DBT Cloud parse_timestamp on sharded tables


I have a dbt cloud project which queries some BigQuery data, applies some transformations and returns some datamarts. The source data is a collection of sharded tables i.e. GA4 events tables

I want to test for source freshness. aka return a warning if the new events table is older than 24h.

This is how I meant to go about it: Check the name of the new events table i.e. events_20231123, parse the suffix (20231123) as a timestamp, and check if that timestamp is older than 24h.

version: 2

sources:

  - name: google_analytics
    description: "Google Analytics 4 export"
    database: my_project_name
    schema: analytics_00000000 #the name of the BQ dataset
    tables:
      - name: events
        identifier: events_*
        loaded_at_field: parse_timestamp(_table_suffix, '%Y%m%d')
        freshness:
          warn_after:
            count: 24
            period: hour
          error_after:
            count: 36
            period: hour

Which returns the following error: 07:00:43 1 of 1 ERROR freshness of google_analytics.events .............................. [ERROR in 3.25s] 07:00:43
07:00:43 07:00:43 Database Error in source events (models/_source/_sources.yml) Mismatch between format character '2' and string character '%' at string index: 0 with format: '20231120' 07:00:43 Done.

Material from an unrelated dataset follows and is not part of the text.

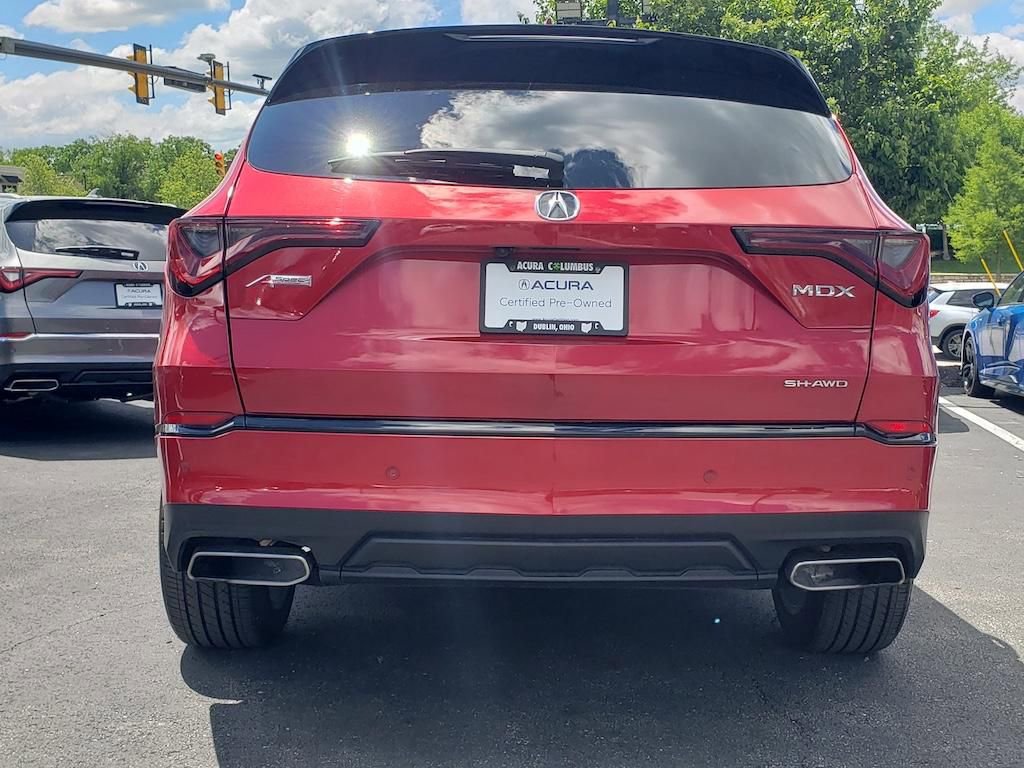 Certified 2024 Acura MDX A-Spec AWD/4WD image 7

How may I go about this? Should I just come up with a timestamp column in my sharded tables and test the refresh on this column? Why isn't my regex working?

thank you for your time.


Solution

  • Two things:

    1. in BQ's parse_timestamp() function, you first need to specify the format, and then the value. E.g. parse_timestamp('%Y%m%d', _table_suffix). See docs
    2. why are you using the table partition? If you want to get the exact hours, this will just give you the _table_suffix at 00:00:00. Why don't you use the event_timestamp from each record instead? Not perfect, but at least you will exactly know from which timestamp is each record.